As Arizona gets better and better, as it moves closer and closer to the Pac-12 South championship — as it becomes one of the most irresistible stories in college football — attendance at Arizona Stadium gets smaller and smaller.
After 15th-ranked Washington State was flattened 58-37 by the onrushing Tate Train Saturday night, the Wildcats became something like a good movie you’ve never seen.
Here’s what you missed by the home team:
An 82-yard run.
A 79-yard run.
A 66-yard interception return.
A 57-yard field goal.
A 49-yard run.
A 48-yard pass.
The Wildcats ran so fast and so far so often that it was like releasing 11 butterflies from a bottle and trying to catch them.
Washington State, which was one of the most exciting teams in college football for the first two months of the season, simply got in the way as Khalil Tate and his friends all but honked a horn and yelled “move it!”
And yet only 42,822 Homecoming fans walked through the gates, and thousands of those vacated the premises at halftime.
Can there be that much else to do on a Saturday night in Tucson?

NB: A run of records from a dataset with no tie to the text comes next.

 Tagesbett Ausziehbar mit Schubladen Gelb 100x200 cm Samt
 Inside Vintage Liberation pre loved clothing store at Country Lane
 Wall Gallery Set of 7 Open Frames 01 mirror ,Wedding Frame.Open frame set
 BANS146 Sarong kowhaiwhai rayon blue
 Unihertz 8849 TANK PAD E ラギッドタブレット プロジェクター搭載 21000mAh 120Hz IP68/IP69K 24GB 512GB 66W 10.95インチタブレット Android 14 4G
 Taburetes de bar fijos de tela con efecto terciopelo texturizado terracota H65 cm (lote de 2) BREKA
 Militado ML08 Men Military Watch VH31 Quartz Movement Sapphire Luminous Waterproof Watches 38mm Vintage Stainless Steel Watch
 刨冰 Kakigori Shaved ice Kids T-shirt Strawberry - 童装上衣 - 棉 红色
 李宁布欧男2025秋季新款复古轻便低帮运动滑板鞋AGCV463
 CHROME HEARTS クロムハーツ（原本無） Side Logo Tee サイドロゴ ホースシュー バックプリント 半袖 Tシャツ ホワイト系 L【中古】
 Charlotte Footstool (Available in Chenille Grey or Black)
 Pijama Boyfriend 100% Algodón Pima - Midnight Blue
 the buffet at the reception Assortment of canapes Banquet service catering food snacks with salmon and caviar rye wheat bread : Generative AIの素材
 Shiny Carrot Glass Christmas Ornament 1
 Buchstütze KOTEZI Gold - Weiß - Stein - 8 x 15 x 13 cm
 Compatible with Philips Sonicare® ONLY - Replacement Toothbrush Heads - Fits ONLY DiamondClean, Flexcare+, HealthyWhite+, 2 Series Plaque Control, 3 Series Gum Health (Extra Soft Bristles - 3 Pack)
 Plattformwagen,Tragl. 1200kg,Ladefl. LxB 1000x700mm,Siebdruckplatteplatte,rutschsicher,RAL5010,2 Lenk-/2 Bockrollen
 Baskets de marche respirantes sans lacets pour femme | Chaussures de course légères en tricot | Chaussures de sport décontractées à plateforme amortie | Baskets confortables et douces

This was not a low-stakes game, played by three-yards-and-a-cloud of dust teams. Arizona’s Rich Rodriguez and WSU’s Mike Leach invented contemporary offensive systems. They play fast. Their teams fling the football around like a Frisbee and on Saturday they combined to gain 1,212 yards and score 95 points.
It was like Tecmo Bowl.
Yet attendance fell 6,000 from a mid-October blowout victory over UCLA, and is now at an average of 42,961 for the season, the lowest at Arizona Stadium since 2003.
UA’s lack of community support is confounding, almost as unexpected as the Wildcats joining Iowa State as the Best Stories of the Year in college football.
A year ago, Arizona lost 69-7 at Washington State. The Wildcats finished 3-9. They were predicted to finish dead last in the South division again. Tate was just another guy on the roster.
No wonder ticket sales were slow.
But, c’mon, this is 2017. It has been three weeks since Tate came off the bench to rescue a sinking program. Taco Bell even offered 2-for-1 tickets to the Washington State game. Given the digital behavior of society, most Tucsonans became aware of Tate and the UA’s revival sometime the night of Oct. 7.
It’s no fluke, Luke.
Tate is surely no worse than the co-leader with Stanford’s Bryce Love as the Pac-12 offensive Player of the Year. If Tate doesn’t win a fourth consecutive Player of the Week award on Monday, it’ll be very suspicious.
But does it even matter any more? Arizona is now playing for bigger stakes.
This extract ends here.